I have been involved with the study of the NEC for many years and have been teaching it for a long time.

As an educator of this book I teach only what is published and adopted in my area. I do not teach what is published in other books such as the Handbook or Soars on grounding but only what is printed in our adopted codes.

What I have seen over the years is people don’t want to take the time to learn what is printed but instead blindly follow what others say even when there is a disagreement. There is a mindset with a lot of inspectors that they are some almighty force that has all control and are the ones that have to teach the backwoods electricians instead of doing what they were hired to do and that is simply enforce the words adopted in their area.

Part III of Article 250 gives guidance on the installation of the grounding electrode, the electrode conductor and the conductors used to bond all the electrodes together.

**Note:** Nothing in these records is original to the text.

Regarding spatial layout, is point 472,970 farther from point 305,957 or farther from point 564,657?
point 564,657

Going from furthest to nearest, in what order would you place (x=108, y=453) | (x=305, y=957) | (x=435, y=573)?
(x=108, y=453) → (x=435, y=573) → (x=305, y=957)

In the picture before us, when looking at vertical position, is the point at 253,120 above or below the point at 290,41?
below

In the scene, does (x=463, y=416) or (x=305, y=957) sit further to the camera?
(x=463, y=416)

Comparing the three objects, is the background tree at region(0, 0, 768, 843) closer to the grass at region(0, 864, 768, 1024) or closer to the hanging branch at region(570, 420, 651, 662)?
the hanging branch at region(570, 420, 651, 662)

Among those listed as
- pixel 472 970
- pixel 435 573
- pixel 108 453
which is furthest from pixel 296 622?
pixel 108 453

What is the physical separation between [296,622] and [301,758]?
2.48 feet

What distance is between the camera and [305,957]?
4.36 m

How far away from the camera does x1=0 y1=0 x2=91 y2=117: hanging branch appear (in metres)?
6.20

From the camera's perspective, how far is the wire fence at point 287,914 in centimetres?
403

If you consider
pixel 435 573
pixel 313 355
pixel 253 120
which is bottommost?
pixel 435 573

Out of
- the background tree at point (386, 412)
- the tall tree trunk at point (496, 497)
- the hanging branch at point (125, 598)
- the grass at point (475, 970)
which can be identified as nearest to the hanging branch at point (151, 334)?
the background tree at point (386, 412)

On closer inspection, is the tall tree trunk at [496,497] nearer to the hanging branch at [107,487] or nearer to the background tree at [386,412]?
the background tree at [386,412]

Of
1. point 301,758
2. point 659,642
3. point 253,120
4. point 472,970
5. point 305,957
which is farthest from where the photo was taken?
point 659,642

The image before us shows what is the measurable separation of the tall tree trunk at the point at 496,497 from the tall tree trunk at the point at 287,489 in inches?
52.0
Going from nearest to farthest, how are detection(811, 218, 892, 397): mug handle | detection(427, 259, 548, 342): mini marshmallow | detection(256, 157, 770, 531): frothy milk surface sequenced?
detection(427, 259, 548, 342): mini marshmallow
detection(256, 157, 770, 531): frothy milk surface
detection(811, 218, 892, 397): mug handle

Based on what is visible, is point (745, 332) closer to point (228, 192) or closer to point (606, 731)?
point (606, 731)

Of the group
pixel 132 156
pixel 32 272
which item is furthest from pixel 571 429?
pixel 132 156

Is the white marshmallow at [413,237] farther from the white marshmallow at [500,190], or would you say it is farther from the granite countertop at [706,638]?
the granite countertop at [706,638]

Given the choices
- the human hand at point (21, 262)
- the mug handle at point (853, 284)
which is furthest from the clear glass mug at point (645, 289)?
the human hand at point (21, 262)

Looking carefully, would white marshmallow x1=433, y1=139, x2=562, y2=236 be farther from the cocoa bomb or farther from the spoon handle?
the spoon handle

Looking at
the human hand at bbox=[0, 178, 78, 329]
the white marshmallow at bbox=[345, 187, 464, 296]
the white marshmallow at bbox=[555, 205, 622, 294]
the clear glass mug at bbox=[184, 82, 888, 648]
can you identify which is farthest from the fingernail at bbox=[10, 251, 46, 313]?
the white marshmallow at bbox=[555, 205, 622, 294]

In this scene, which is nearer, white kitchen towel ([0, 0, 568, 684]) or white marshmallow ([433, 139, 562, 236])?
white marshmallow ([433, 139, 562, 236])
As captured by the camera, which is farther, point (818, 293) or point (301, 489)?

Section 250.52 list eight items that are to be used as the electrode system if they are present. In this section under subsection (1) is the mention of metal water pipes. There is no mention of the type of water pipes that are to be used as this electrode. This would include any and all metals pipes used for the transport of water be it potable, gray, waste, or circulation water for a nuclear reactor.

In subsection eight of this section there is the mention of other local metal underground systems or structures such as piping systems, underground tanks, and underground metal well casings that are not bonded to a metal water pipe.

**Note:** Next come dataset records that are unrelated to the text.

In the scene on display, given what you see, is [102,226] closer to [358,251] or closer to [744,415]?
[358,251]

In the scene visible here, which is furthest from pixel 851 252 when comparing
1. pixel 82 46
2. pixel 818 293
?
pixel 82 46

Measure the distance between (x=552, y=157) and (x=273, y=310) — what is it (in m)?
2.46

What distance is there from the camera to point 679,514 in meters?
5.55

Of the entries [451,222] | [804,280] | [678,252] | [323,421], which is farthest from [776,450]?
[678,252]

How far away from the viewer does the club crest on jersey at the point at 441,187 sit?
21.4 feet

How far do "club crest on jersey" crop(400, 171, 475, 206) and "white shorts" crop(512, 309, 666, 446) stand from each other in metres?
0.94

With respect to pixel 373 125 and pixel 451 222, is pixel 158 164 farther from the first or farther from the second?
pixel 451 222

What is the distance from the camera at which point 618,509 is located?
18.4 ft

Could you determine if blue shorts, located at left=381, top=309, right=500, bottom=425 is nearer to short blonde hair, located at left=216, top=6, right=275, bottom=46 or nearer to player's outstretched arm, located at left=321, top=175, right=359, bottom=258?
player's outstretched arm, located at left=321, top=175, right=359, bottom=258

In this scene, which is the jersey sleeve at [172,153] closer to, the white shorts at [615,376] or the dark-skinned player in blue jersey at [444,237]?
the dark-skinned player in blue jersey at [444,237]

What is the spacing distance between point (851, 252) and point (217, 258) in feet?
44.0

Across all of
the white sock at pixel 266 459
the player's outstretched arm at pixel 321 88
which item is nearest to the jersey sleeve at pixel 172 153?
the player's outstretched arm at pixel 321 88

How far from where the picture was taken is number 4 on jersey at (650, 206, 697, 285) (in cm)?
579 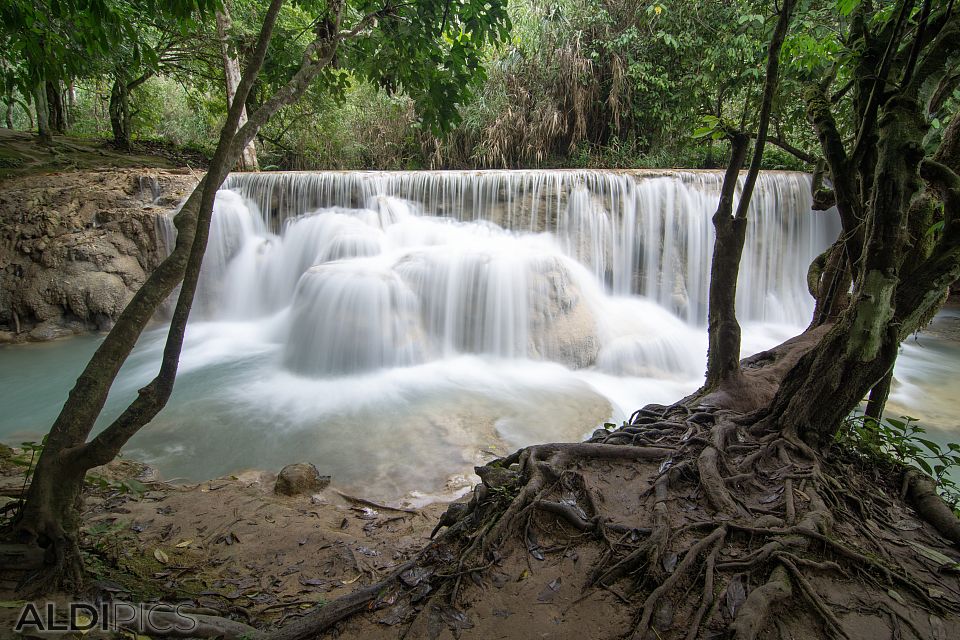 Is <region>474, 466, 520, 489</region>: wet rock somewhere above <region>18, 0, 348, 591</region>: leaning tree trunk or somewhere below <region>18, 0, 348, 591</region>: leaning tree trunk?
below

So we have two sections in the NEC that addresses piping that is underground. What we do is take other parts of the code and get complacent in the acceptance that this is the only way things are to be done. By this I am addressing the use of the first five feet of potable water after it enters a building. This first five feet is not electrode but instead it is only a path to the electrode. This is found in 250.53(D)(1) “Continuity of the grounding path or the bonding connection to interior piping”

It is only the underground part of the water pipe that is electrode. This is found in 250.52(A)(1), “A metal underground water pipe in direct contact with the earth for 3.0 m (10 ft) or more” and in 250.52(A)(8), “Other local metal underground systems or structures such as piping systems” and even includes a metal oil tank used to store heating oil also found in 250.52(A)(8), “underground tanks.”



			
				ICE said:
			
		

> Oh and trust me, neither side will relent on the bonding hot water pipe issue.  Plenty has been said in several threads.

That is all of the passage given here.